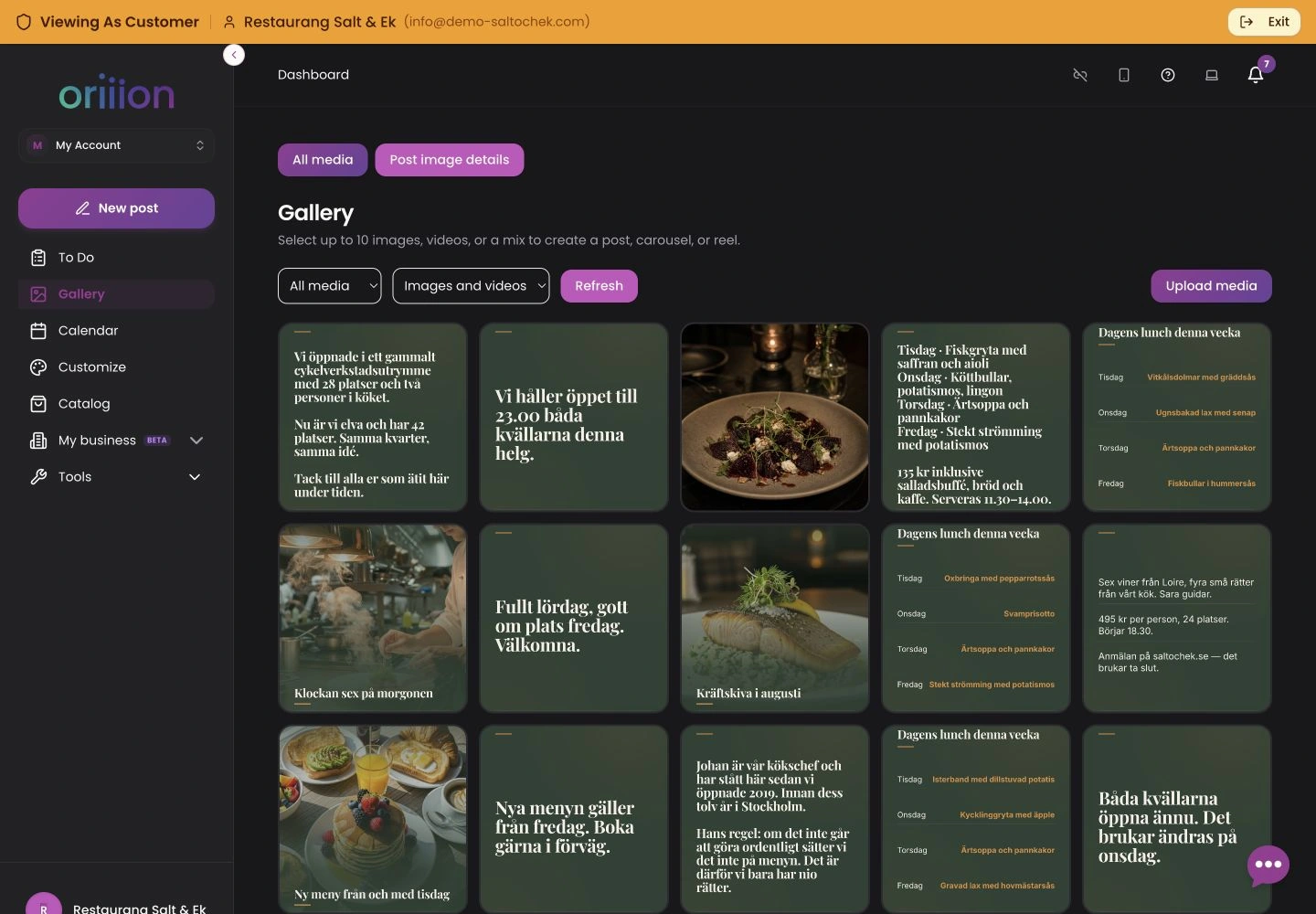 Riktig Oriiion-galleri från det särskilda demokontot Salt & Ek, med restaurangbilder och inlägg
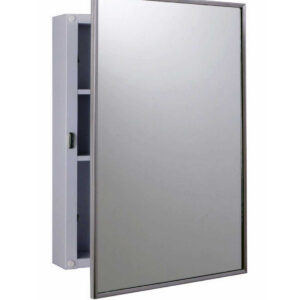 Wall-mounted medicine cabinet with mirrored door and visible interior shelves.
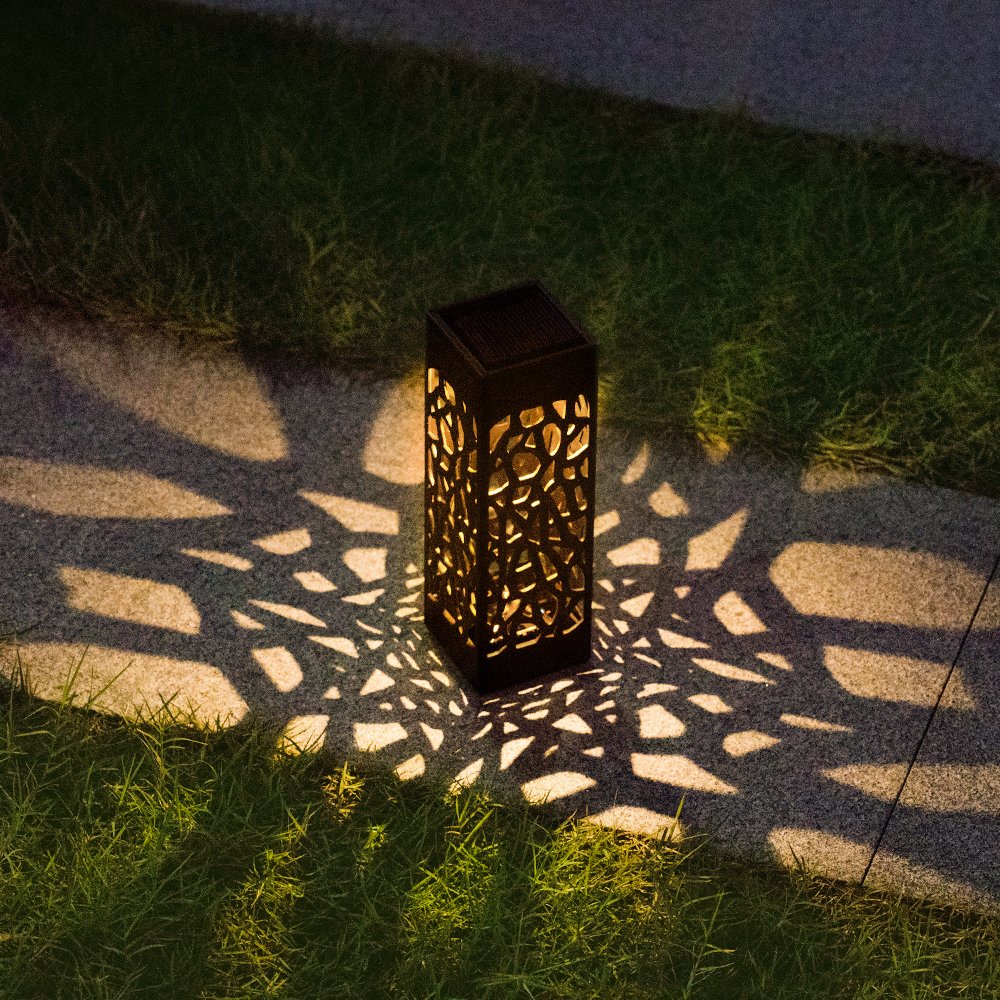 TaffLED Lampu Taman tenaga matahari Solar Panel lampu hias tancap taman rumput tanah kebun anti air Garden Ground Plug Warm Light LED Solar Garden Light Outdoor Solar Powered Lamp Lantern Waterproof Landscape Lighting for Pathway Patio Yard Decoration
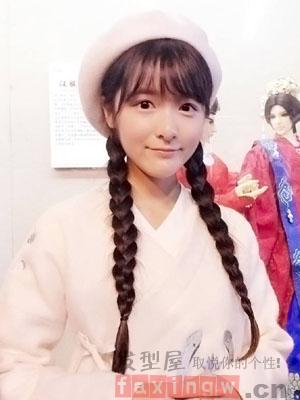 雙馬尾麻花辮圖片唯美 甜美氣質女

## Aim of the task
Pictures are to be omitted from the copy. Reproduce exactly, and only, the lines from the one containing "Wall-mounted medicine cabinet" to the end of the listing above.

## Task response
 Wall-mounted medicine cabinet with mirrored door and visible interior shelves.
 TaffLED Lampu Taman tenaga matahari Solar Panel lampu hias tancap taman rumput tanah kebun anti air Garden Ground Plug Warm Light LED Solar Garden Light Outdoor Solar Powered Lamp Lantern Waterproof Landscape Lighting for Pathway Patio Yard Decoration
 雙馬尾麻花辮圖片唯美 甜美氣質女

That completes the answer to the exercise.